Ransomware is one of the most common types of malware and has been widely adopted by cybercriminals who use it to extort money from businesses.
Ransomware encrypts essential files to prevent them from being accessed. A ransom is then demanded to supply the keys to unlock the encrypted files. It is often installed unwittingly by employees when they respond to malicious emails or can be deployed manually if access is gained to a network. One of the most common ways this is achieved is through brute force attacks on Remote Desktop Protocol or by exploiting unpatched software vulnerabilities.
Ransoms typically range from around $200 to $1,000 per infected device, although attacks on businesses usually see huge ransoms demanded. The threat actors behind SamSam ransomware usually charge in the region of $50,000 to supply the keys to unlock encrypted files. The gang deploys the ransomware manually after gaining access to a business network, usually through an RDP attack. Many companies are forced to pay as they cannot recover files from backups, or the cost of doing so (time, business disruption, loss of business etc.) is often far higher than the ransom payment.

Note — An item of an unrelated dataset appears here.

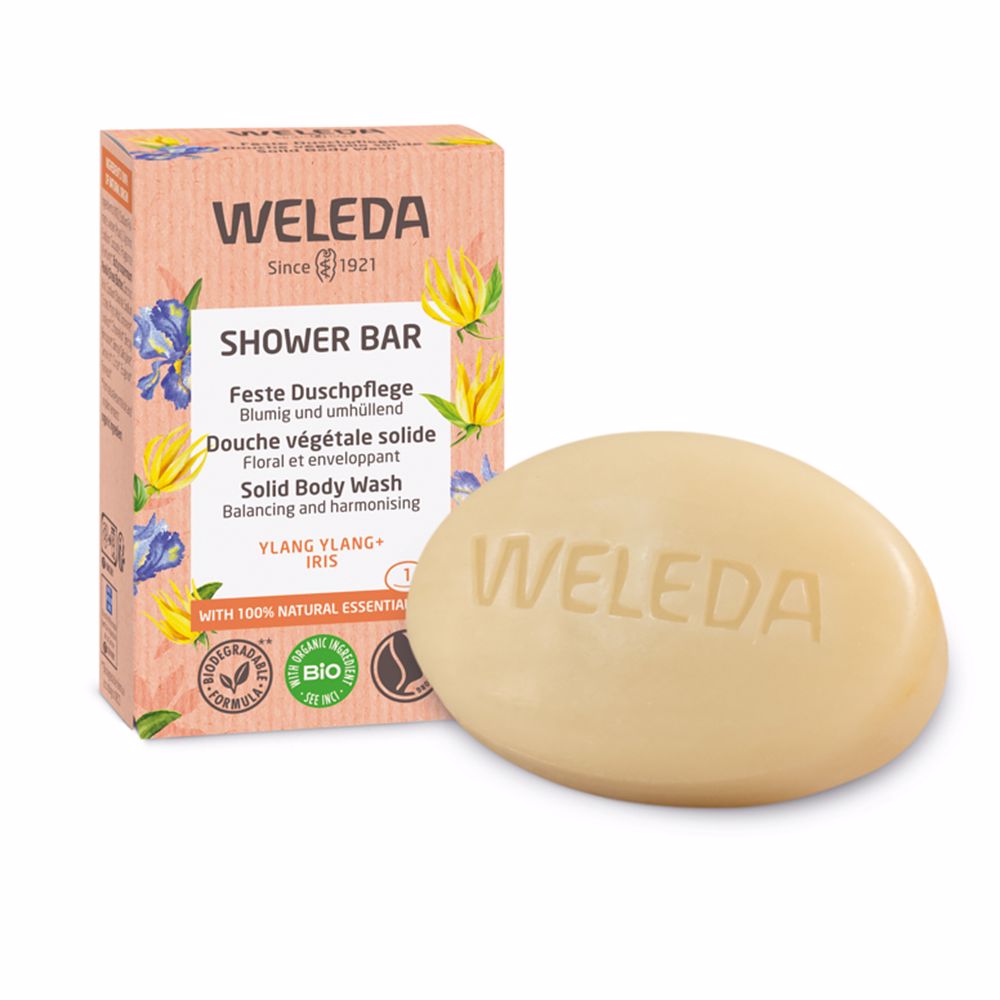 Weleda SHOWER BAR jabón de ducha sólido envolvente 75 gr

The cost of ransomware attacks is considerable. A recent report from Cybersecurity Ventures, sponsored by the security awareness training company KnowBe4, suggests that by 2019 there will be a ransomware attack on a business occurring every 14 seconds. The global costs of ransomware attacks will likely exceed $8 billion in 2018 and will rise to more than $11.5 billion in 2019.
While some security firms have noted a slowdown in the use of ransomware as cybercriminals turn to cryptocurrency mining to make money, not all cybersecurity firms share that view. A recent report from SonicWall shows there has been 300% year-over-year growth in ransomware.

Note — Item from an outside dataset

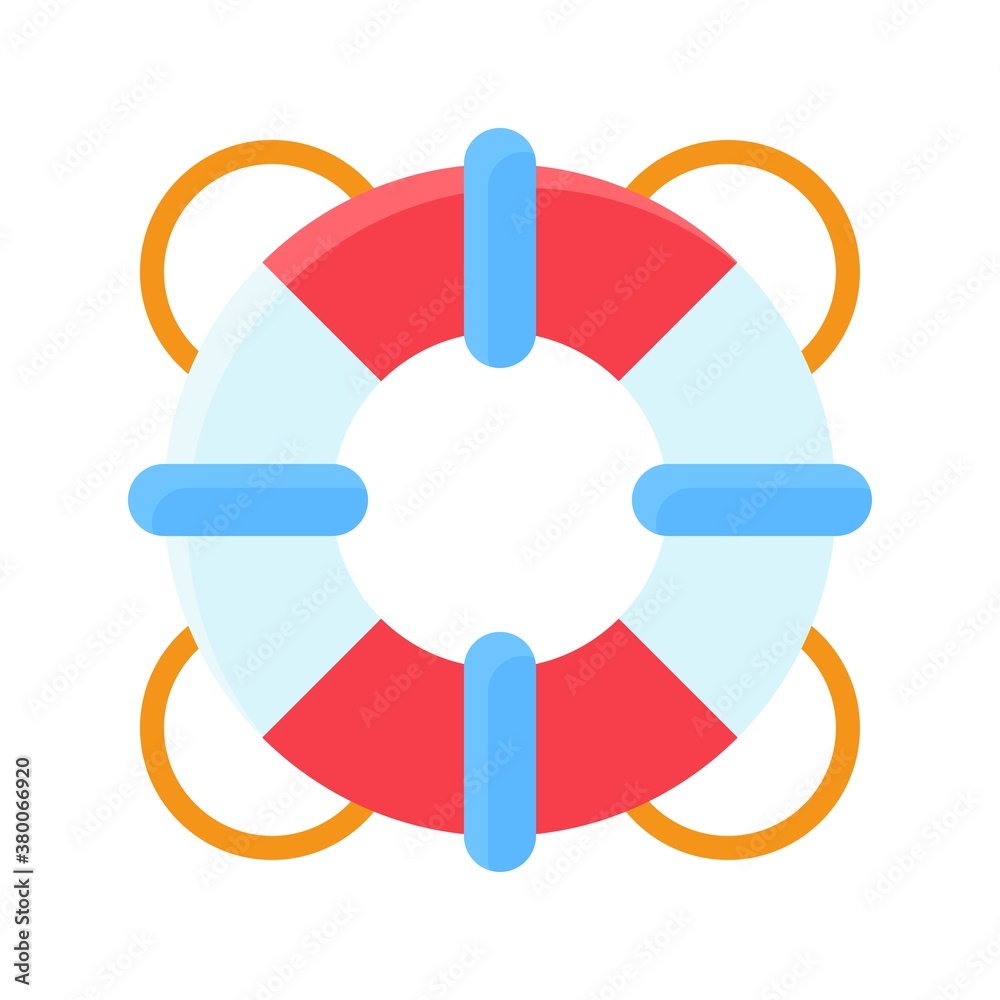 ocean related life guard use in water with circles vector in flat style, ocean related life guard use in water with circles vector in flat style,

Technological defenses against ransomware will only go so far. Cybercriminals know that the easiest way to gain access to a company network is through its employees.
“Ransomware is the new normal; it’s here to stay and is growing in sophistication and frequency,” said Stu Sjouwerman, CEO, KnowBe4. “Bad guys choose to hack people if they can; they are the softest target and easily manipulated with social engineering. Organizations need to protect their infrastructure with a new security layer: a human firewall.” Through training and phishing email simulations, employees can be taught how to recognise malicious emails and other threats and report them to their security teams before any damage is caused.